◆ **Problem requirements**: For the entries below, the result should be an exact transcription of the lines from the one with "Used Wuling Hongguang" up to and including the one with "explica la psicología", and only those.
-------- Data provided --------
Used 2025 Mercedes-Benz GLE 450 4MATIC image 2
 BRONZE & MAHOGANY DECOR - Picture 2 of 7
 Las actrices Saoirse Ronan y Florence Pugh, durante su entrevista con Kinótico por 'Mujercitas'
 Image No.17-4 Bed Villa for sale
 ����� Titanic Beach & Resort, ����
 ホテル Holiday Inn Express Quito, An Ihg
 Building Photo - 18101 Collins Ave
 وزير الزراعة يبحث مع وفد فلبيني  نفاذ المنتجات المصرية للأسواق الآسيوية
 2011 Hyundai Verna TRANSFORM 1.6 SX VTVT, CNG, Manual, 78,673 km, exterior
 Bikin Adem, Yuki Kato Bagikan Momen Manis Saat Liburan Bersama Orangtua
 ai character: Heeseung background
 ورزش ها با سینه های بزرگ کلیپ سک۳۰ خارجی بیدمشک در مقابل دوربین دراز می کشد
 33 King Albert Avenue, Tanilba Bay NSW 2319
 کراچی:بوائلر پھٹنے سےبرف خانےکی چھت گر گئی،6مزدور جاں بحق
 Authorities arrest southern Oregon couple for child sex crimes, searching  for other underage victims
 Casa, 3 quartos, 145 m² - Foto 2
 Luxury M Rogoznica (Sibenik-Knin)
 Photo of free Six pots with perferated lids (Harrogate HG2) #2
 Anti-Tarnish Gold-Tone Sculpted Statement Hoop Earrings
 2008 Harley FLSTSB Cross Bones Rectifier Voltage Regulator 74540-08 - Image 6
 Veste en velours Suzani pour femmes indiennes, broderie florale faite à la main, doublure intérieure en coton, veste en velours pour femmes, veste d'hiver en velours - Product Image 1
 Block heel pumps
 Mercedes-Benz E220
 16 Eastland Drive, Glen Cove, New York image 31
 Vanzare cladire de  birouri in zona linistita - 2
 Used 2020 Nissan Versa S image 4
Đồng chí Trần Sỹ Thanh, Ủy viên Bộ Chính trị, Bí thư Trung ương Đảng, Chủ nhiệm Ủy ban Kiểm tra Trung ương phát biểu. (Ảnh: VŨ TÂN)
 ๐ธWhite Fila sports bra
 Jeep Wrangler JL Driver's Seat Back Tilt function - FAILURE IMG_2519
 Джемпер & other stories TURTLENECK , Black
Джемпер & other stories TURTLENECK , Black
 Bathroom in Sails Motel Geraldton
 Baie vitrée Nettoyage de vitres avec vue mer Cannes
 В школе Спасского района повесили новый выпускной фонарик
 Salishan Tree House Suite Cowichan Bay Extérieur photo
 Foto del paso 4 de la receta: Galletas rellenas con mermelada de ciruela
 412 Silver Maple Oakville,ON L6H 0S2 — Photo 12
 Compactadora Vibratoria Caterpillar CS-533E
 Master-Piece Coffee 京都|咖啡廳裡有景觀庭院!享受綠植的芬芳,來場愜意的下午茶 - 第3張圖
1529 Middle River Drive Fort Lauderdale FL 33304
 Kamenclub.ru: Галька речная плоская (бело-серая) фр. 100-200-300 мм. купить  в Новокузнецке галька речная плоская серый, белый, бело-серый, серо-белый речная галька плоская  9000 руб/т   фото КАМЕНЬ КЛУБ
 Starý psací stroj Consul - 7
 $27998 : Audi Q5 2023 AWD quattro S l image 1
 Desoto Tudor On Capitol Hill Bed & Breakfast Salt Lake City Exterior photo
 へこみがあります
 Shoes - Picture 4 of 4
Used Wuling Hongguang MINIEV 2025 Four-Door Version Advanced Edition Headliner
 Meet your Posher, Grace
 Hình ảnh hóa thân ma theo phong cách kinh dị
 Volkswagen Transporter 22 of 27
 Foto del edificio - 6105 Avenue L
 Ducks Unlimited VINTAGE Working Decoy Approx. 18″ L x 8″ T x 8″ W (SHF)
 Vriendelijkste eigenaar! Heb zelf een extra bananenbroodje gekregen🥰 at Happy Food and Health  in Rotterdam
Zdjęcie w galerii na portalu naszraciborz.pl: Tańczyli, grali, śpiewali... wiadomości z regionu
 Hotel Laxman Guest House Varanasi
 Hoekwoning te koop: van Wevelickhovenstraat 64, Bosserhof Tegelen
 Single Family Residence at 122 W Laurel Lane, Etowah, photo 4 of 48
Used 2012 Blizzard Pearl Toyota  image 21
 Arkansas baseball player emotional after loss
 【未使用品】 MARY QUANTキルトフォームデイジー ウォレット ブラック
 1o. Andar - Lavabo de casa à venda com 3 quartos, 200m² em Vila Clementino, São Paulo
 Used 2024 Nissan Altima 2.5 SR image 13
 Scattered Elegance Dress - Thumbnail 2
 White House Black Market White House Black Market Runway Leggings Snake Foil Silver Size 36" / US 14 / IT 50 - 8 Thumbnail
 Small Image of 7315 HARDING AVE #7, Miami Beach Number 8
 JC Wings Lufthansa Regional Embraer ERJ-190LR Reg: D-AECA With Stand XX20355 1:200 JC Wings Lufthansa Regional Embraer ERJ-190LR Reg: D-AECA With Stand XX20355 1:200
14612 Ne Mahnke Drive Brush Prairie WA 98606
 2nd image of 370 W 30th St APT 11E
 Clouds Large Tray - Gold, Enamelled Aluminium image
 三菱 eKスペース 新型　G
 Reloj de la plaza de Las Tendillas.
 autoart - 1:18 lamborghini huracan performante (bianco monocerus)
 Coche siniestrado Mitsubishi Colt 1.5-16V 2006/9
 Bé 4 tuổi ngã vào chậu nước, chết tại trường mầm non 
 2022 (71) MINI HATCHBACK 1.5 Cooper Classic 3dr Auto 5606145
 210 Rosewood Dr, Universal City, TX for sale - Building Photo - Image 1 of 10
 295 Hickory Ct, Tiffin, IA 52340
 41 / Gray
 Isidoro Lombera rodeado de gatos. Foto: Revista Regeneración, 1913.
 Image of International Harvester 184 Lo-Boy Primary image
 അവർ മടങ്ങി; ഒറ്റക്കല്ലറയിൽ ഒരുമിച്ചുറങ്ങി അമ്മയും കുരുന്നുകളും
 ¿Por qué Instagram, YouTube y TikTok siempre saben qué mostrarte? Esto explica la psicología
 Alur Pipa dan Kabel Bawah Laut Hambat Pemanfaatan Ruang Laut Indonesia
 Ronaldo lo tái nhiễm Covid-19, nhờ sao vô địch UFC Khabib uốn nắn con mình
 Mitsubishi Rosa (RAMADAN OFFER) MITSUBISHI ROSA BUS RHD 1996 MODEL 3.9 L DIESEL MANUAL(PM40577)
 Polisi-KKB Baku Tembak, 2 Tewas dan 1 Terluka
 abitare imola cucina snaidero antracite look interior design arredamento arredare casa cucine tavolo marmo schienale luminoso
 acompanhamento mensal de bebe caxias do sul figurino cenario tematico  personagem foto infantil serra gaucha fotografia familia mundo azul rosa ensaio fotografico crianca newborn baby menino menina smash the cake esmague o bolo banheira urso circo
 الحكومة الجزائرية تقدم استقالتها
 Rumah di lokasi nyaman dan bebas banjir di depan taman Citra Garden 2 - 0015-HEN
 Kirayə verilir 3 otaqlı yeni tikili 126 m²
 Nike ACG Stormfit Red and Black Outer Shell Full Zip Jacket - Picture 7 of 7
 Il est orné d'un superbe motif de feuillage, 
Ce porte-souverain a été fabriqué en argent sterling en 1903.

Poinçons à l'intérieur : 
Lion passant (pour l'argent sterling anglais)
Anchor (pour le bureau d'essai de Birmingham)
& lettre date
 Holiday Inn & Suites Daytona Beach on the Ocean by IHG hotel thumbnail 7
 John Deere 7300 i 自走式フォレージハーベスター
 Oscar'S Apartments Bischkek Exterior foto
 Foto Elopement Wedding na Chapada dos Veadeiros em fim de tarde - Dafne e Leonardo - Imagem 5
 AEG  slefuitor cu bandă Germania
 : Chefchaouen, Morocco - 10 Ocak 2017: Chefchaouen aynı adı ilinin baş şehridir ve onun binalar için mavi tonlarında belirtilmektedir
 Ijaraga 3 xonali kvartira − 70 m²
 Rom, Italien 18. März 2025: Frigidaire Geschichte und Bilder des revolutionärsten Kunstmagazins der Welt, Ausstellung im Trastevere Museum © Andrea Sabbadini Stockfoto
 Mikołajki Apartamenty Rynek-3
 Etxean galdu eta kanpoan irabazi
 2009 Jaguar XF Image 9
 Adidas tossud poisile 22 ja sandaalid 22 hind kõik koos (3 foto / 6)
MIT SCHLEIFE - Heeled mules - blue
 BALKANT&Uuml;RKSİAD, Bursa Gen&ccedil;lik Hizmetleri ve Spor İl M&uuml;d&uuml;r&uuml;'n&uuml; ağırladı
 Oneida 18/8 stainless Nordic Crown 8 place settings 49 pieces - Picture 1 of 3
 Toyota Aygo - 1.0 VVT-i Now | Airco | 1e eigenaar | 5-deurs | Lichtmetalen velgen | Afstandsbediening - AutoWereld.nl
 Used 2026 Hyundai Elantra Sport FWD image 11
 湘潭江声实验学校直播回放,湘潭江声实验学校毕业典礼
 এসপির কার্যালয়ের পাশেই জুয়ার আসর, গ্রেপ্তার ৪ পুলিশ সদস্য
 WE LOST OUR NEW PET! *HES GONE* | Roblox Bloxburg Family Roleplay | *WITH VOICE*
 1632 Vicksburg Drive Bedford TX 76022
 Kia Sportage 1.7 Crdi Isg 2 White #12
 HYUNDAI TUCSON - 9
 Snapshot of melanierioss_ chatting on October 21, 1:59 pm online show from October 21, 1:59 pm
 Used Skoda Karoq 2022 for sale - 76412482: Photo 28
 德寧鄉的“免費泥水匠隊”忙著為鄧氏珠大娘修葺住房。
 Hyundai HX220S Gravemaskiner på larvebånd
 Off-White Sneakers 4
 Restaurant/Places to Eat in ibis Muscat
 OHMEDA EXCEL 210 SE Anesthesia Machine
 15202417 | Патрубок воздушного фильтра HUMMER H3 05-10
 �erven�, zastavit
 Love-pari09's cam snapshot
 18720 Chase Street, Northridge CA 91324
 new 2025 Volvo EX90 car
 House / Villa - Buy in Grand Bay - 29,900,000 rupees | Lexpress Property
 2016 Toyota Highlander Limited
--------
◆ **Answer area**:
Used Wuling Hongguang MINIEV 2025 Four-Door Version Advanced Edition Headliner
 Meet your Posher, Grace
 Hình ảnh hóa thân ma theo phong cách kinh dị
 Volkswagen Transporter 22 of 27
 Foto del edificio - 6105 Avenue L
 Ducks Unlimited VINTAGE Working Decoy Approx. 18″ L x 8″ T x 8″ W (SHF)
 Vriendelijkste eigenaar! Heb zelf een extra bananenbroodje gekregen🥰 at Happy Food and Health  in Rotterdam
Zdjęcie w galerii na portalu naszraciborz.pl: Tańczyli, grali, śpiewali... wiadomości z regionu
 Hotel Laxman Guest House Varanasi
 Hoekwoning te koop: van Wevelickhovenstraat 64, Bosserhof Tegelen
 Single Family Residence at 122 W Laurel Lane, Etowah, photo 4 of 48
Used 2012 Blizzard Pearl Toyota  image 21
 Arkansas baseball player emotional after loss
 【未使用品】 MARY QUANTキルトフォームデイジー ウォレット ブラック
 1o. Andar - Lavabo de casa à venda com 3 quartos, 200m² em Vila Clementino, São Paulo
 Used 2024 Nissan Altima 2.5 SR image 13
 Scattered Elegance Dress - Thumbnail 2
 White House Black Market White House Black Market Runway Leggings Snake Foil Silver Size 36" / US 14 / IT 50 - 8 Thumbnail
 Small Image of 7315 HARDING AVE #7, Miami Beach Number 8
 JC Wings Lufthansa Regional Embraer ERJ-190LR Reg: D-AECA With Stand XX20355 1:200 JC Wings Lufthansa Regional Embraer ERJ-190LR Reg: D-AECA With Stand XX20355 1:200
14612 Ne Mahnke Drive Brush Prairie WA 98606
 2nd image of 370 W 30th St APT 11E
 Clouds Large Tray - Gold, Enamelled Aluminium image
 三菱 eKスペース 新型　G
 Reloj de la plaza de Las Tendillas.
 autoart - 1:18 lamborghini huracan performante (bianco monocerus)
 Coche siniestrado Mitsubishi Colt 1.5-16V 2006/9
 Bé 4 tuổi ngã vào chậu nước, chết tại trường mầm non 
 2022 (71) MINI HATCHBACK 1.5 Cooper Classic 3dr Auto 5606145
 210 Rosewood Dr, Universal City, TX for sale - Building Photo - Image 1 of 10
 295 Hickory Ct, Tiffin, IA 52340
 41 / Gray
 Isidoro Lombera rodeado de gatos. Foto: Revista Regeneración, 1913.
 Image of International Harvester 184 Lo-Boy Primary image
 അവർ മടങ്ങി; ഒറ്റക്കല്ലറയിൽ ഒരുമിച്ചുറങ്ങി അമ്മയും കുരുന്നുകളും
 ¿Por qué Instagram, YouTube y TikTok siempre saben qué mostrarte? Esto explica la psicología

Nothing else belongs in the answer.